### Try it
Using the data below, output a verbatim copy of the lines between the one holding "Słup energetyczny z" and the one holding "Un buffet proposant", inclusive, without any pictures.

### Records for this task

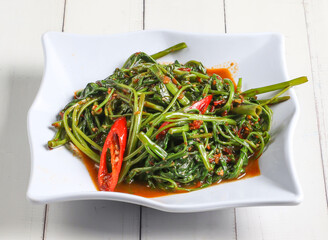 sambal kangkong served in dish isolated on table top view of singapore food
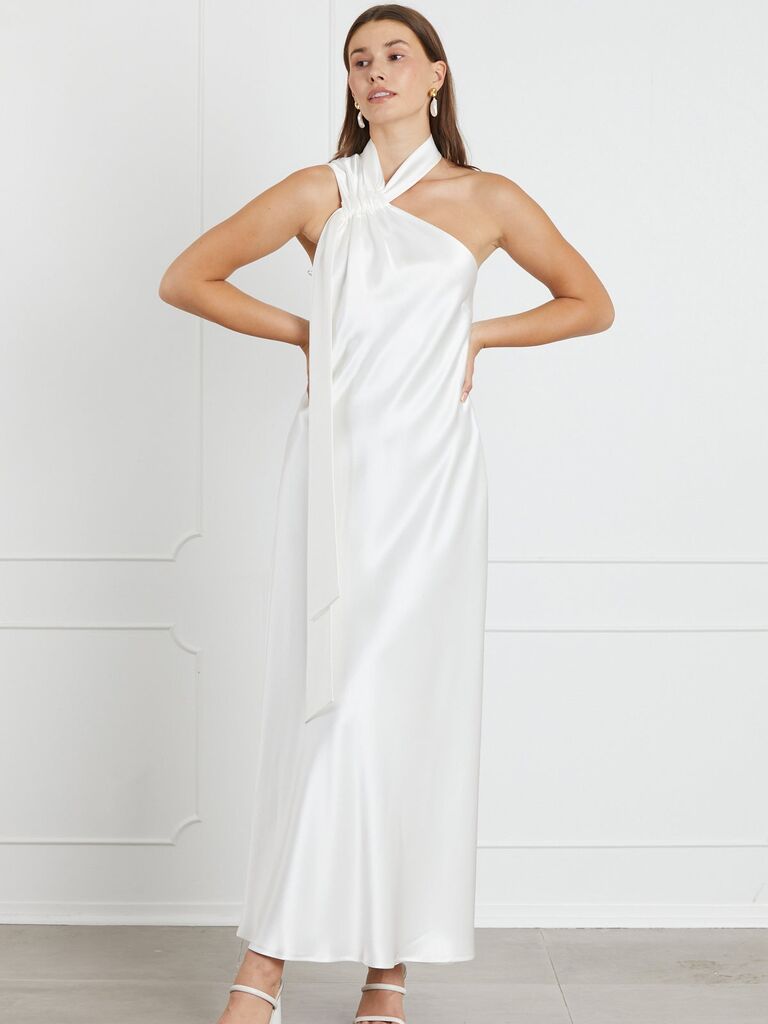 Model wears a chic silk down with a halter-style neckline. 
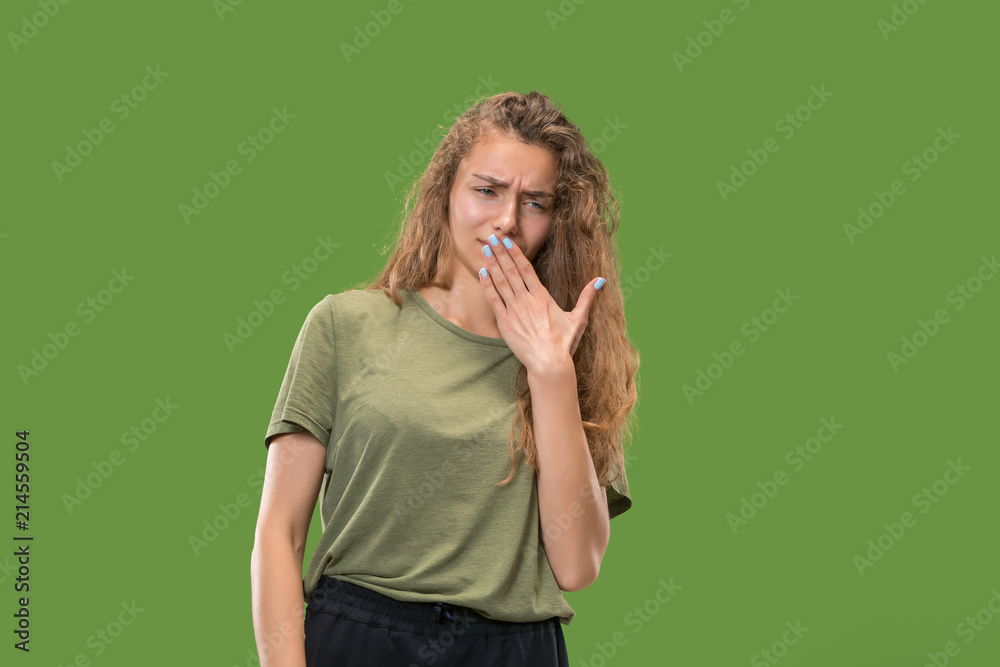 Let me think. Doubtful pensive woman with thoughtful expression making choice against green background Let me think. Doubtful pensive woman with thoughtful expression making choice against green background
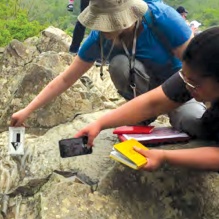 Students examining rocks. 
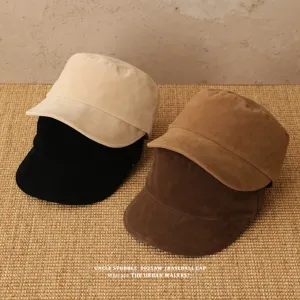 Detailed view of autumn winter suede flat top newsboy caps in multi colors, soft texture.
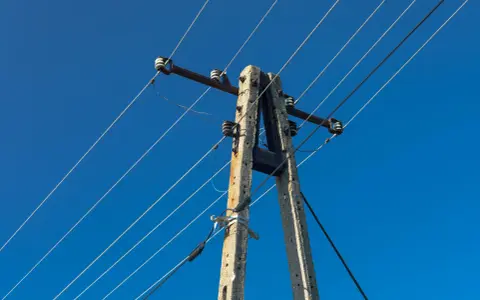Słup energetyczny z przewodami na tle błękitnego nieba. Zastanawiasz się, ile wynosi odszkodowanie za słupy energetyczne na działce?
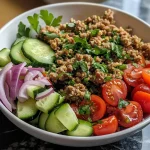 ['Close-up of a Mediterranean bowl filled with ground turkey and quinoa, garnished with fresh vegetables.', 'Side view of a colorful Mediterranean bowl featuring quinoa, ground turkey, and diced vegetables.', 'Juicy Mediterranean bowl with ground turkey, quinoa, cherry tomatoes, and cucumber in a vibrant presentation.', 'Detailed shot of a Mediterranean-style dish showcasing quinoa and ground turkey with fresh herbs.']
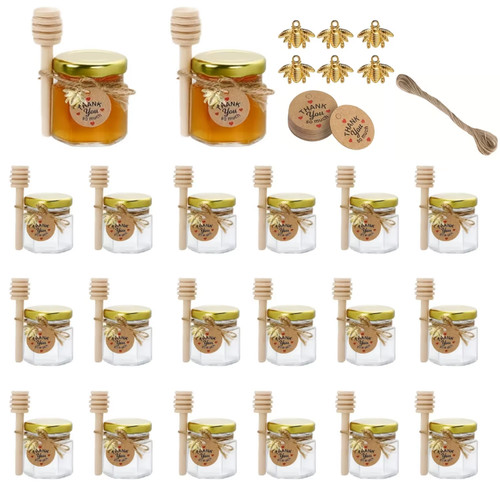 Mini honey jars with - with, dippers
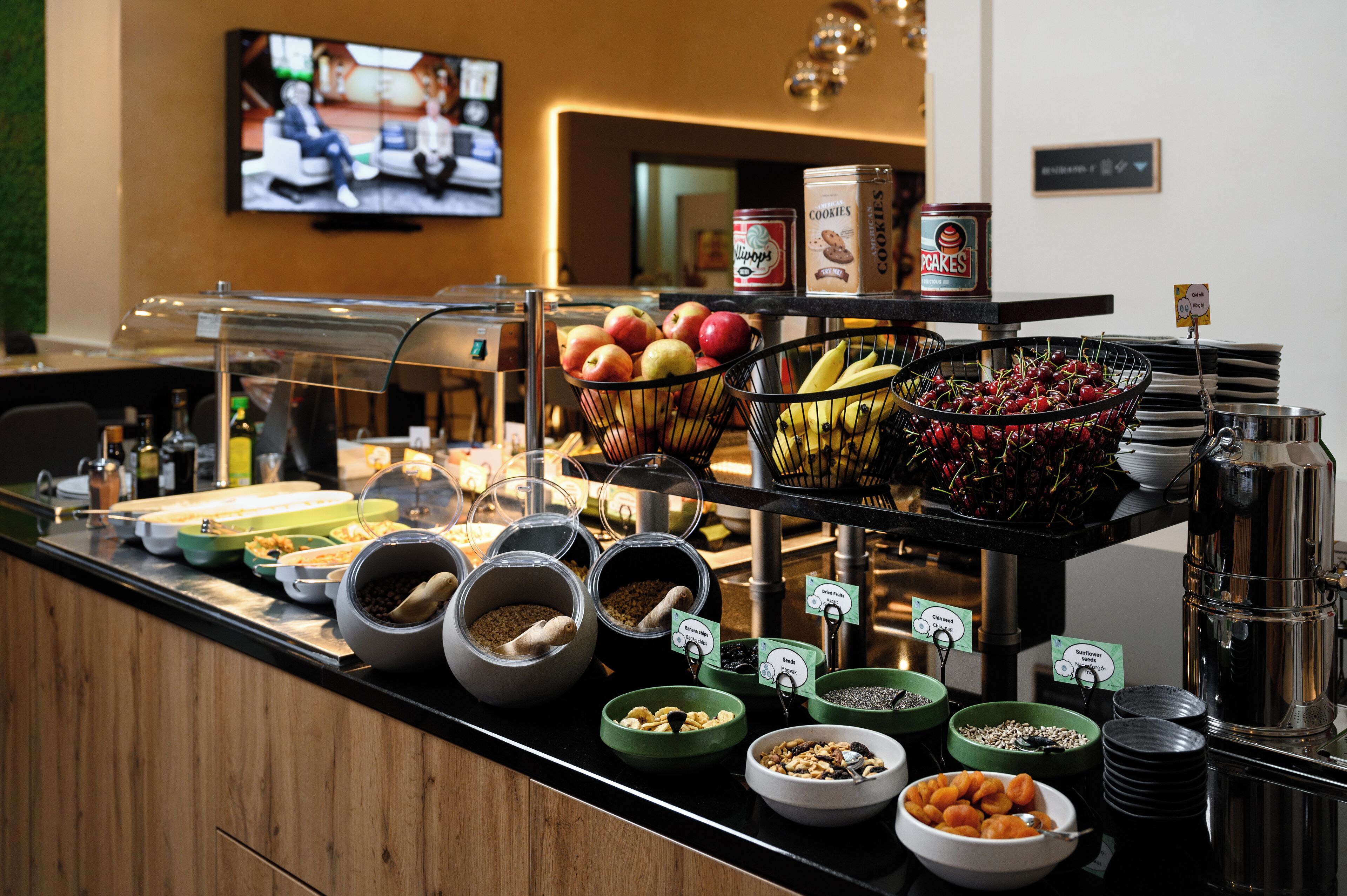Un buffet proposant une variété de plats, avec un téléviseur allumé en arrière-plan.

--

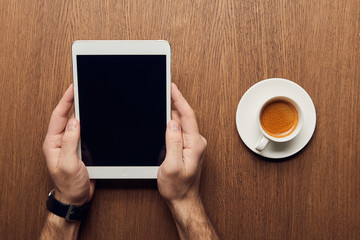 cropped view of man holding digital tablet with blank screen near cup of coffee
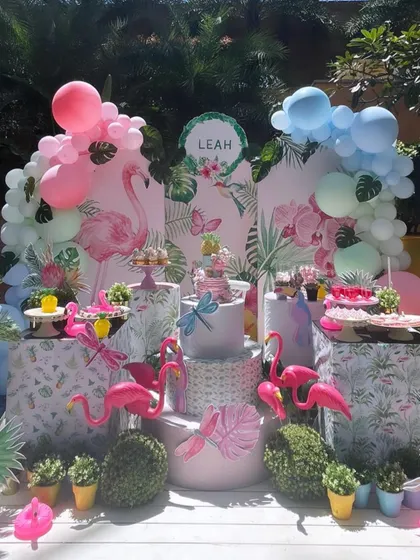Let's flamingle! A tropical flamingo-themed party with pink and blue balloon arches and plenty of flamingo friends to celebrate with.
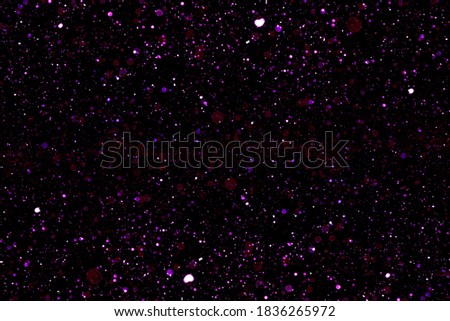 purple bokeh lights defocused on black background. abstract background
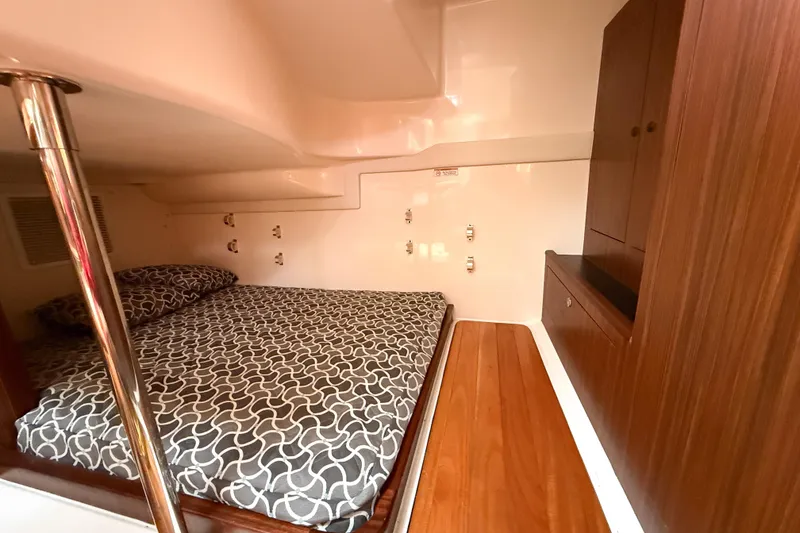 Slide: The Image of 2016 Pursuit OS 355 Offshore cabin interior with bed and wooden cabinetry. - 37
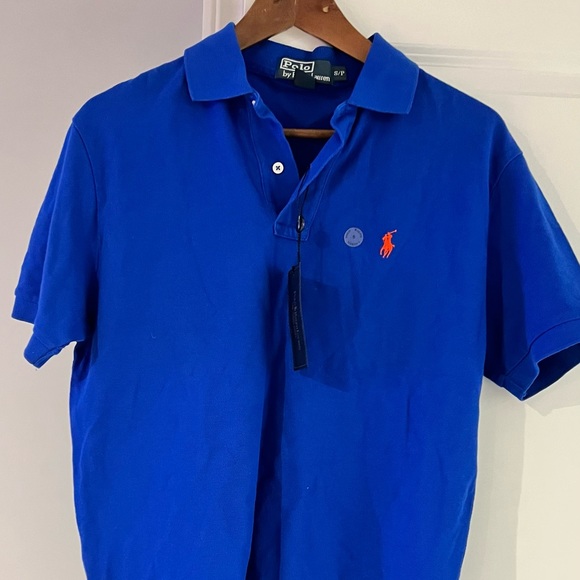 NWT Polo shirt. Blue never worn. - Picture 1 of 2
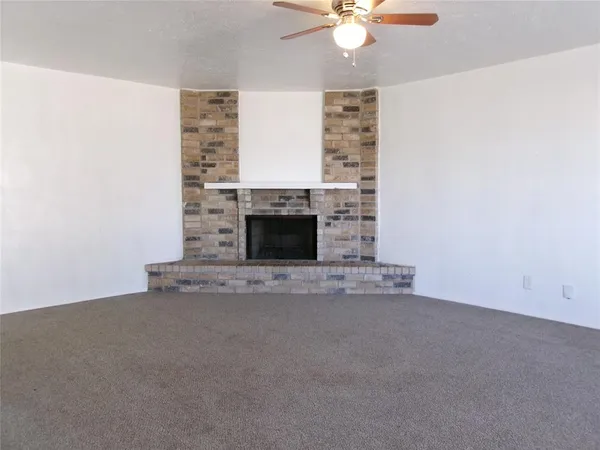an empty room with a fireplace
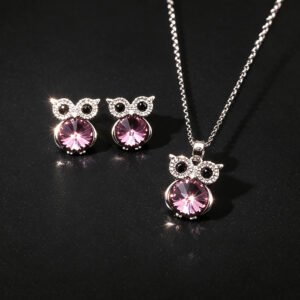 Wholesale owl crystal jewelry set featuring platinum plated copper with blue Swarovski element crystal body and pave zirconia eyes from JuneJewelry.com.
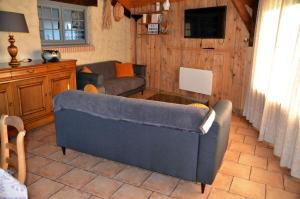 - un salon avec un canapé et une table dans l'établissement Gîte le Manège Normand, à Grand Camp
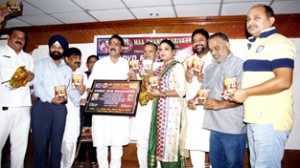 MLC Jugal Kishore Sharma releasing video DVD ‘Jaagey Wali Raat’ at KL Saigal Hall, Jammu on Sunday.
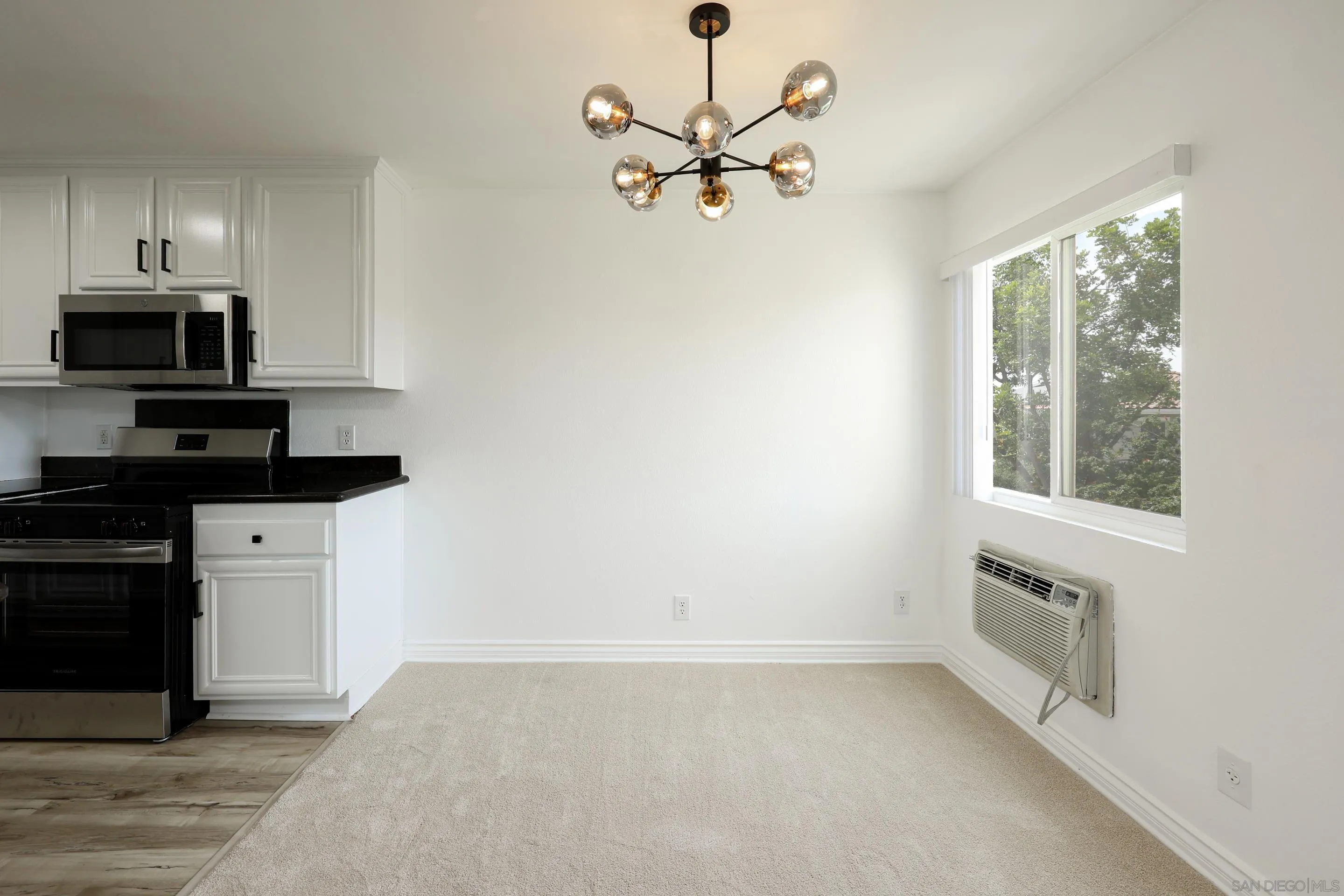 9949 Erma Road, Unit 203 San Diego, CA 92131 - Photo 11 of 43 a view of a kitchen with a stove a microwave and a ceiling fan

...

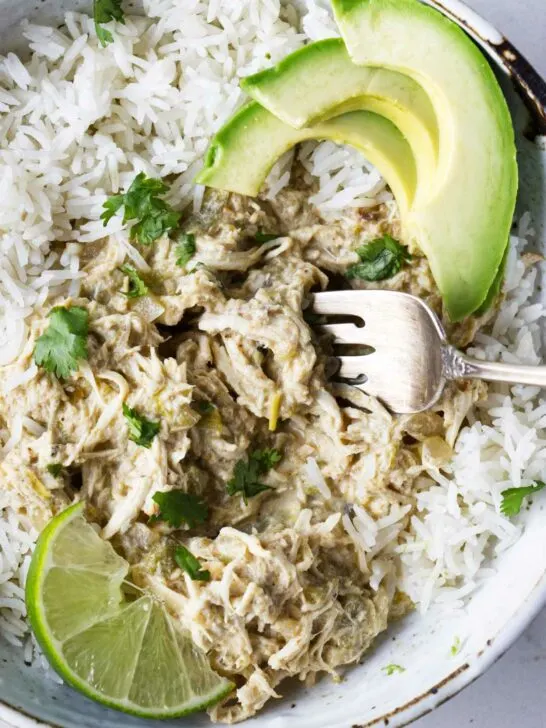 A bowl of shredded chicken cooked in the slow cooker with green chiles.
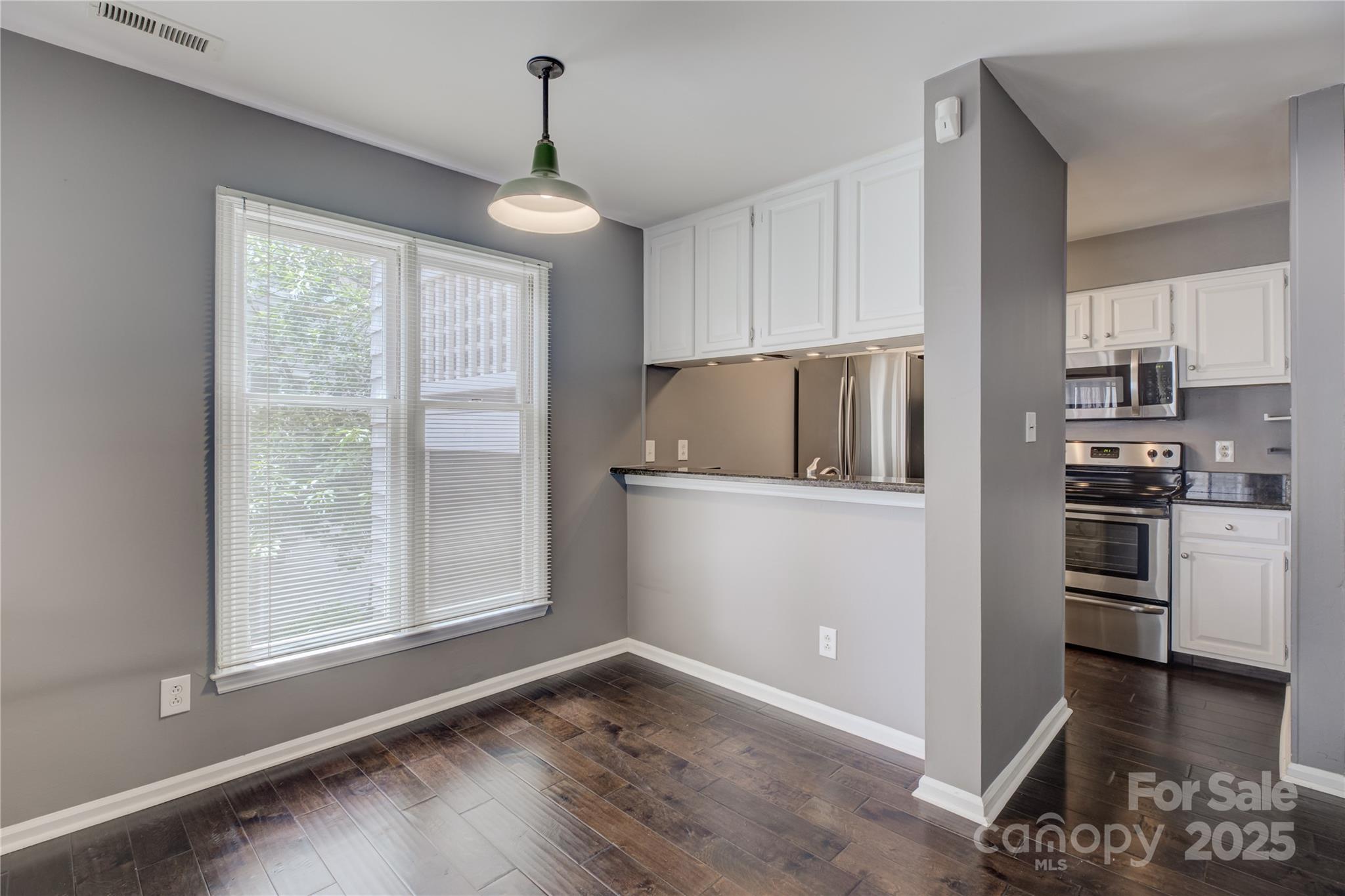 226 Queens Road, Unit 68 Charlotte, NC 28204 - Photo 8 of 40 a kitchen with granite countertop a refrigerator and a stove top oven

### Exercise solution
Słup energetyczny z przewodami na tle błękitnego nieba. Zastanawiasz się, ile wynosi odszkodowanie za słupy energetyczne na działce?
 ['Close-up of a Mediterranean bowl filled with ground turkey and quinoa, garnished with fresh vegetables.', 'Side view of a colorful Mediterranean bowl featuring quinoa, ground turkey, and diced vegetables.', 'Juicy Mediterranean bowl with ground turkey, quinoa, cherry tomatoes, and cucumber in a vibrant presentation.', 'Detailed shot of a Mediterranean-style dish showcasing quinoa and ground turkey with fresh herbs.']
 Mini honey jars with - with, dippers
Un buffet proposant une variété de plats, avec un téléviseur allumé en arrière-plan.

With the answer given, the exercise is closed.